Por que o mercado anda nervoso com as recentes declarações de Lula?

A Economia das Narrativas pode ajudar a entender o fenômeno

Ana Frazão
30/11/2022|05:05
lula cop 27
Lula discursa na COP 27, no Egito. Crédito: Ricardo Stuckert

Um dos assuntos recorrentes da atualidade tem sido as reações do mercado às declarações de Lula sobre a necessidade de se flexibilizar o teto de gastos para se assegurar o pagamento do Bolsa Família[1]. A partir daí, muito se tem escrito sobre o que é ou quem é o mercado, as razões pelas quais ele é sensível a esse tipo de declaração e os motivos pelos quais as reações às declarações de Lula foram muito diferentes daquelas ocorridas diante de declarações equivalentes do ministro Paulo Guedes ou mesmo diante de violações sistemáticas ao teto de gastos ocorridas nos últimos anos.

O que motiva, portanto, esse tipo de comportamento do mercado? São fatos, dados, estatísticas e indicadores econômicos? São reações racionais às falas de Lula, embasadas em evidências científicas?
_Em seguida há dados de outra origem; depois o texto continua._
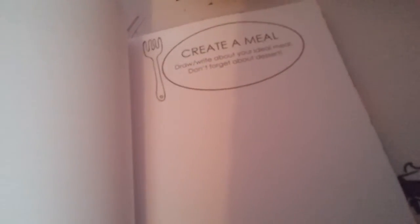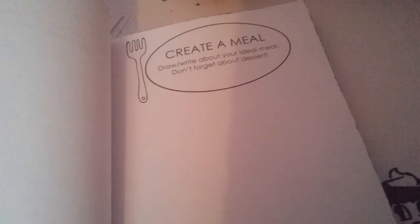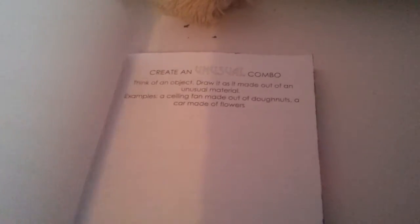...Moriah Elizabeth, and me, because I'm going to be creating it as well. So I'm going to show you the different things inside. I haven't done anything in it yet, but like — create a monochrome — and it asks you different questions, so draw or write about your ideal meal, then get about the dessert and stuff like that.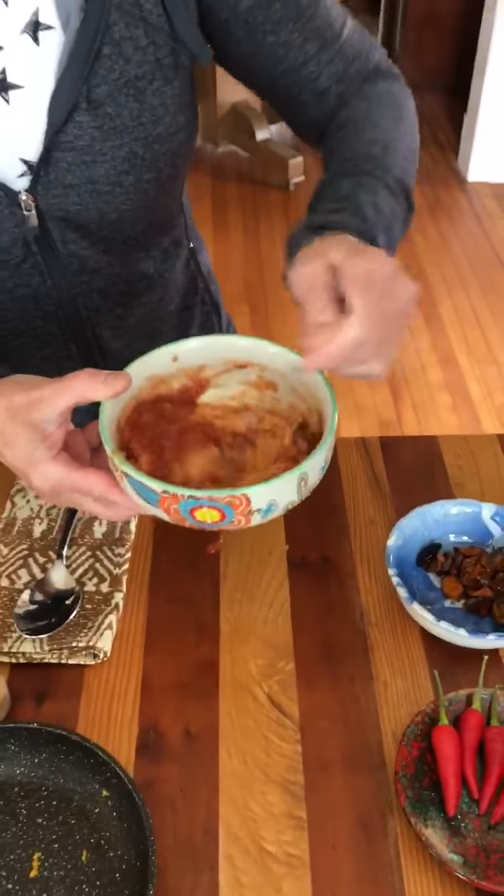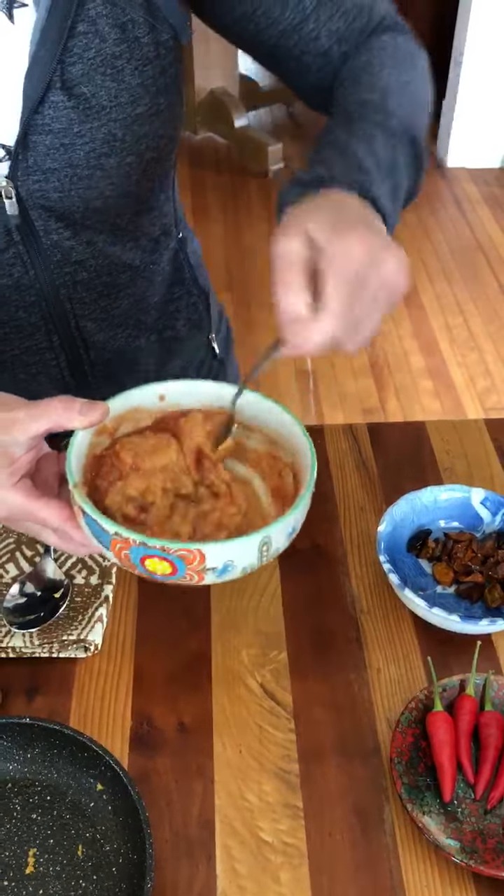You can just eat it like that — dip crackers, corn chips, whatever you want.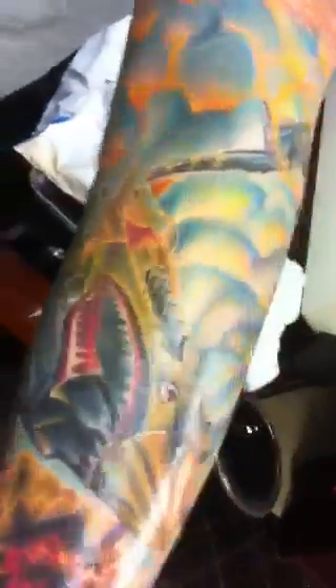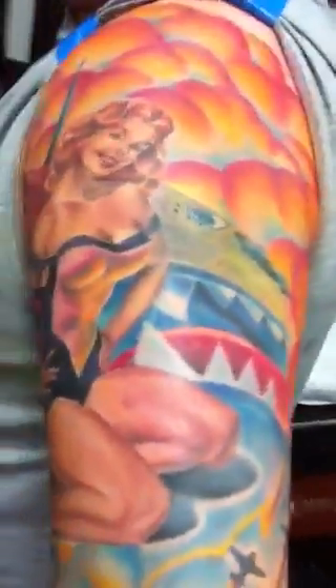Everything turned out really cool on it. I'm super happy with it. I think everything is exactly how I hoped it would be when I started it. I will have pictures up tomorrow so you guys can see the full layout.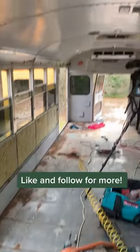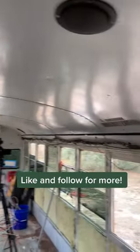And just like that, all the side panels are out of the bus. Be sure to like and follow if you want to see what the bus looks like without any ceiling panels.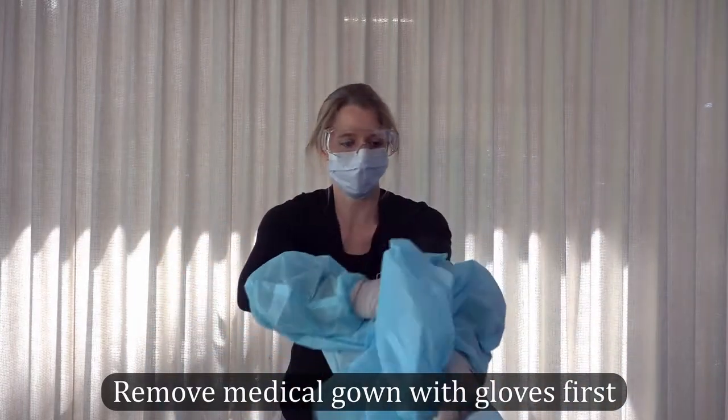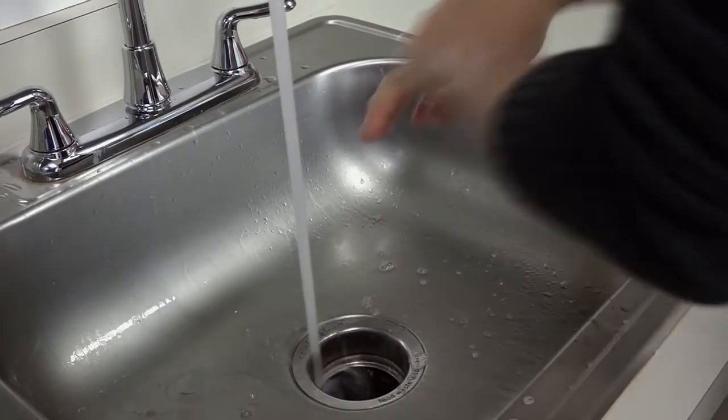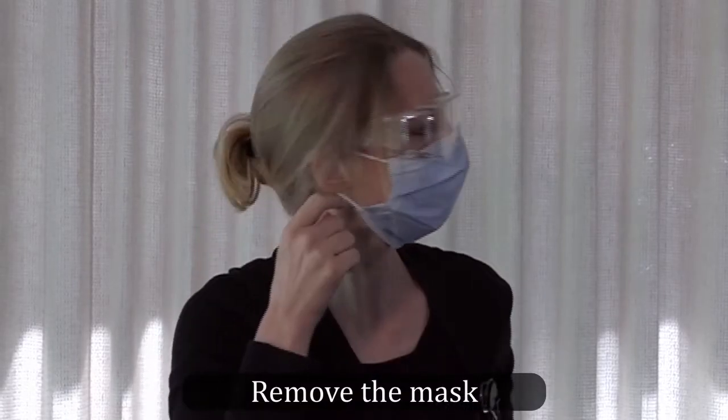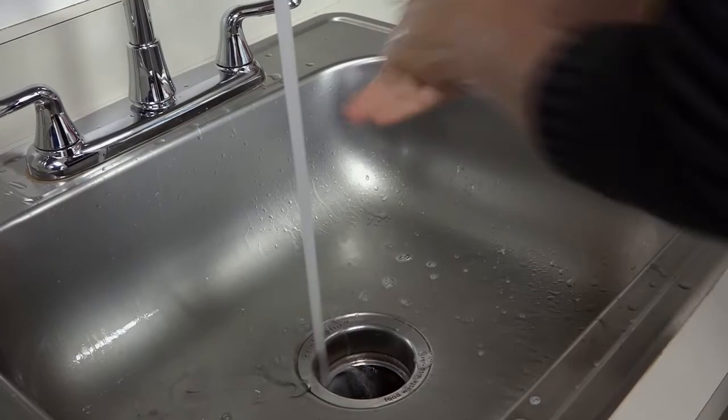After completing those steps, remove PPE in a private area, dispose of it, and thoroughly wash your hands. After this step, wash your hands.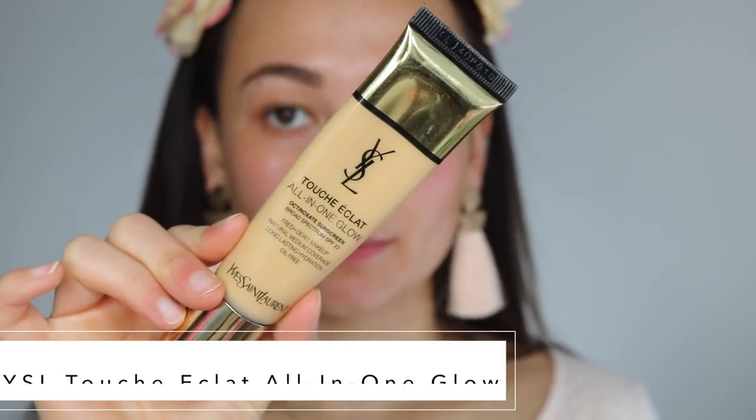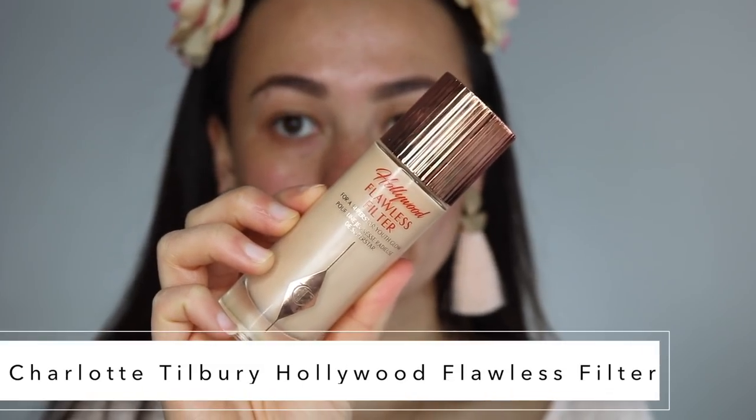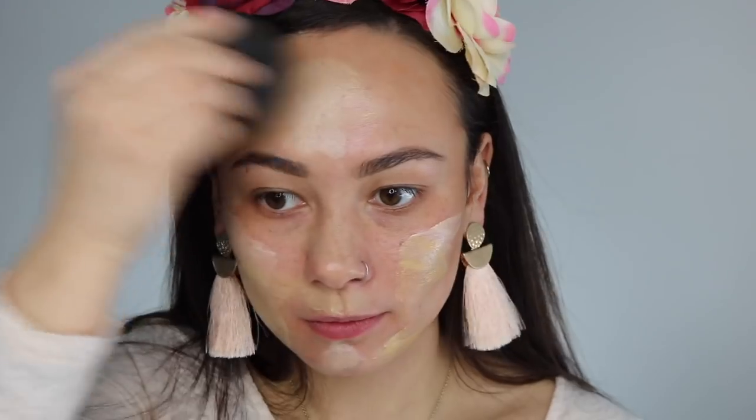For foundation I'm using my all-time favorite summer glowy foundation — it's a little bit dark on me because it's not summer, but I'm using the YSL Touche Eclat All-In-One Glow and mixing that with the Charlotte Tilbury Hollywood Flawless Filter in number one fair. I'm putting the Charlotte Tilbury right on my cheeks and blending it in with the foundation. Since the foundation is a tad dark on me I decided to go with the lighter filter shade. This has extremely light coverage — just be aware of that, it's a really nice light coverage foundation for summer.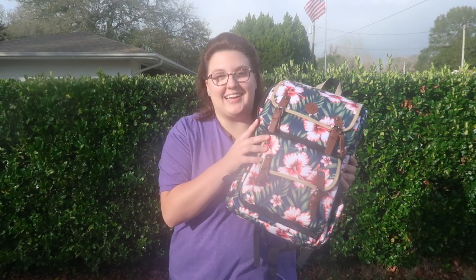Hey y'all, it's me, Jenny B, and today I'm going to be reviewing the Go Groove DSLR Backpack.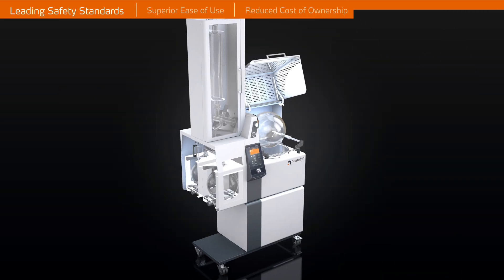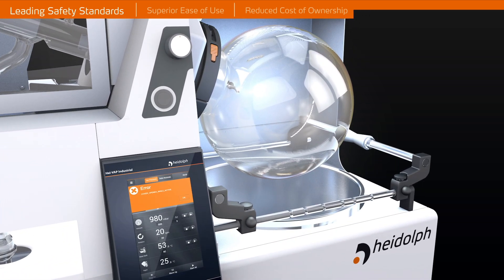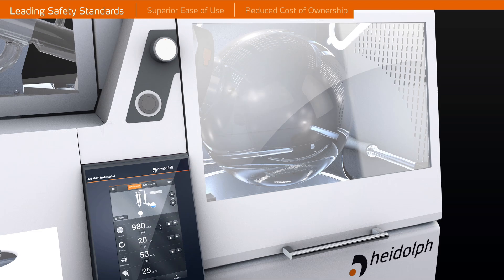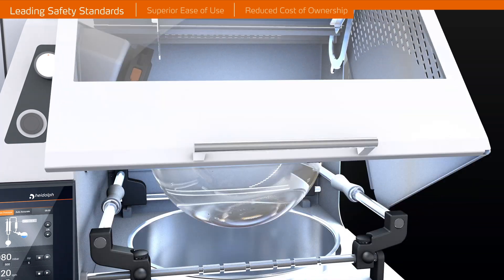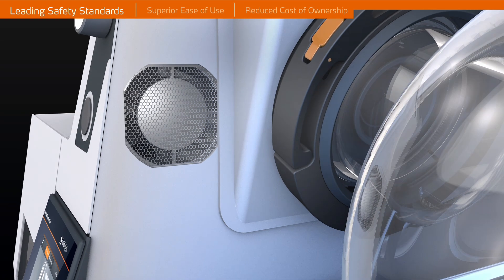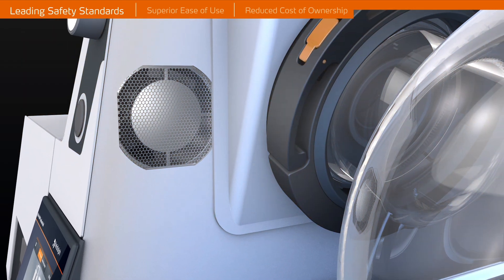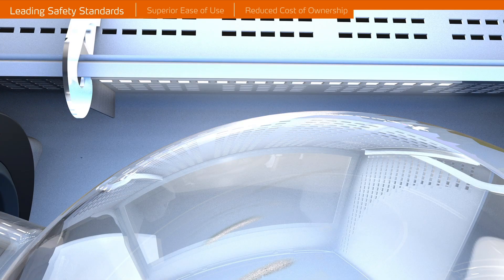Leading safety standards. A metal-framed guard hood with protective safety glass encloses the bath, resulting in user protection from steam, splashing bath fluid, and shards of glass in cases of accidental flask breakage. Clear and visible monitoring of the evaporation process is achieved with the use of non-fogging tempered safety glass, internal ventilation fan, and an integrated LED light.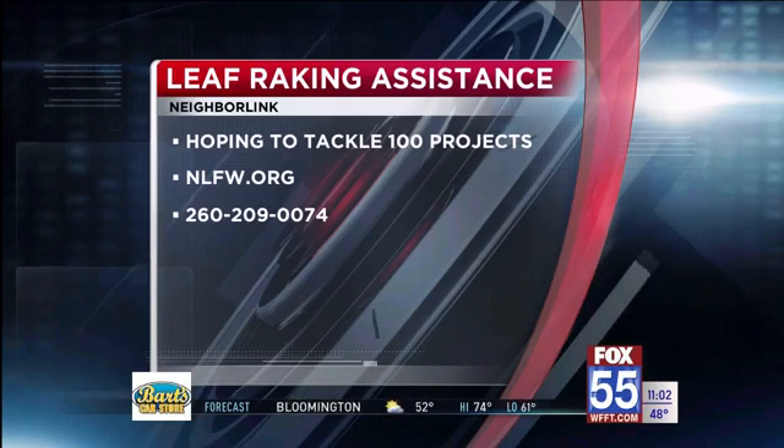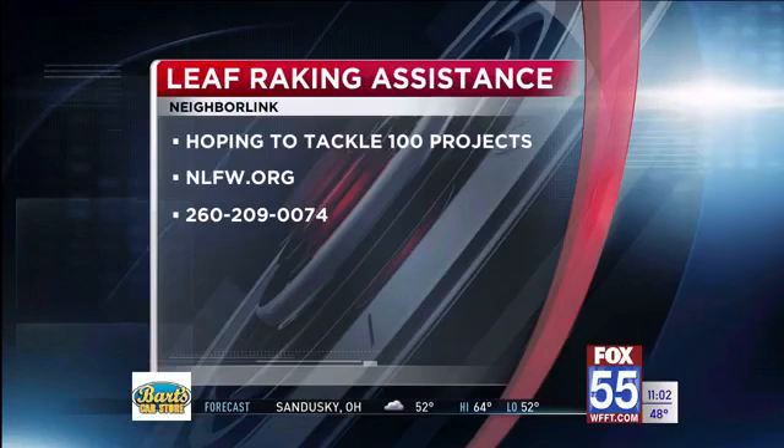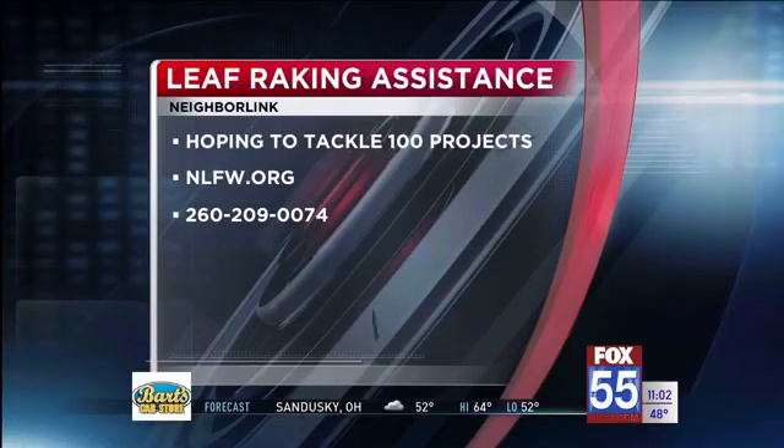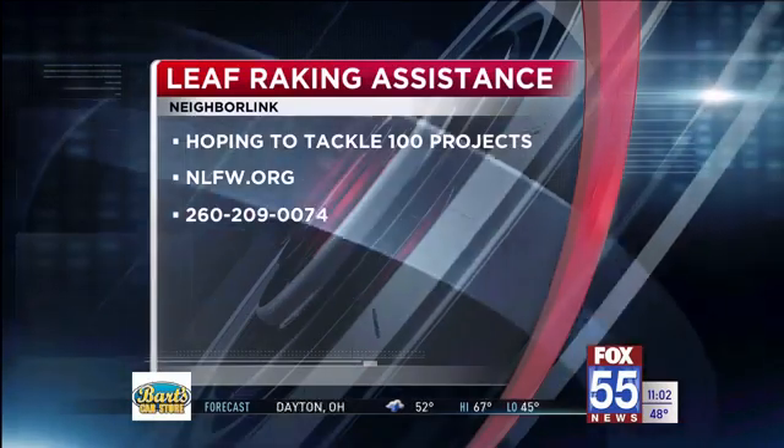If you need help with raking your leaves, you can get a hold of NeighborLink two different ways: either log onto their website and post the project that needs done, or give them a call at the number there on your screen. NeighborLink is hoping to do 100 leaf raking projects this year.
Ou podem ser reações muito mais emocionais, intuitivas e não racionais?

Uma das explicações para as reações do mercado diante desse tipo de declaração, incluindo as diferenças de respostas em virtude de quem fala – se é alguém mais identificado com os interesses do mercado, como é o caso de Guedes, ou alguém que pode contrariar tais interesses, como é o caso de Lula – nos é oferecida pelo economista e ganhador do Prêmio Nobel de Economia Robert Shiller em seu interessante livro "Narrative Economics: How Stories Go Viral and Drive Major Economics Events". [2]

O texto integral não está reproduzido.